• [Task details] Repeat exactly the lines below that lie between the line with "Filippo DBT1475 /" and the line with "MyValice Set kofera 5707, 2 dela, Sivi", counting both of those lines as part of the answer.

• [Provided data]
▬▬▬

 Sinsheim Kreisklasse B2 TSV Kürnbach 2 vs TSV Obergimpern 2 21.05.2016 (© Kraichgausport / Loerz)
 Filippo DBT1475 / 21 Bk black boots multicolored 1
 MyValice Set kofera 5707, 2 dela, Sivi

▬▬▬

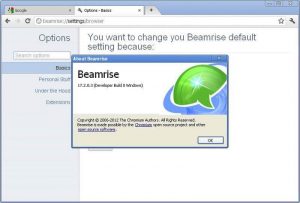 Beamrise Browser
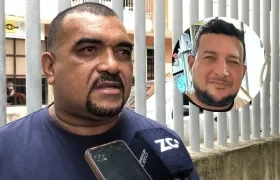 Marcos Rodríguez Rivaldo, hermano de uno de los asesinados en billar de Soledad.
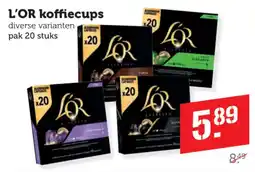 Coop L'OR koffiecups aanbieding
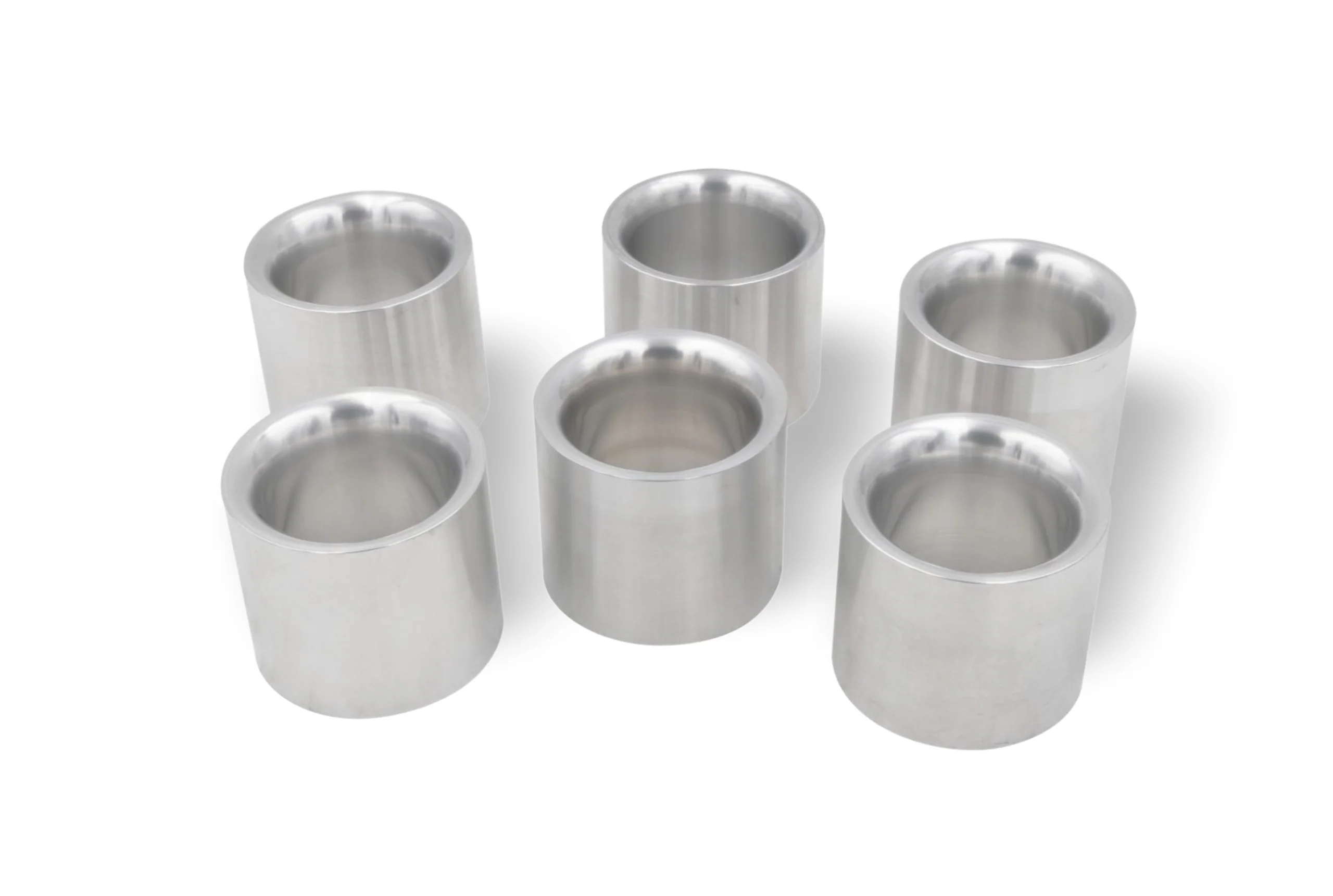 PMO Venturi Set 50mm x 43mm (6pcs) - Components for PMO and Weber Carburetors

▬▬▬

• [Answer below]
 Filippo DBT1475 / 21 Bk black boots multicolored 1
 MyValice Set kofera 5707, 2 dela, Sivi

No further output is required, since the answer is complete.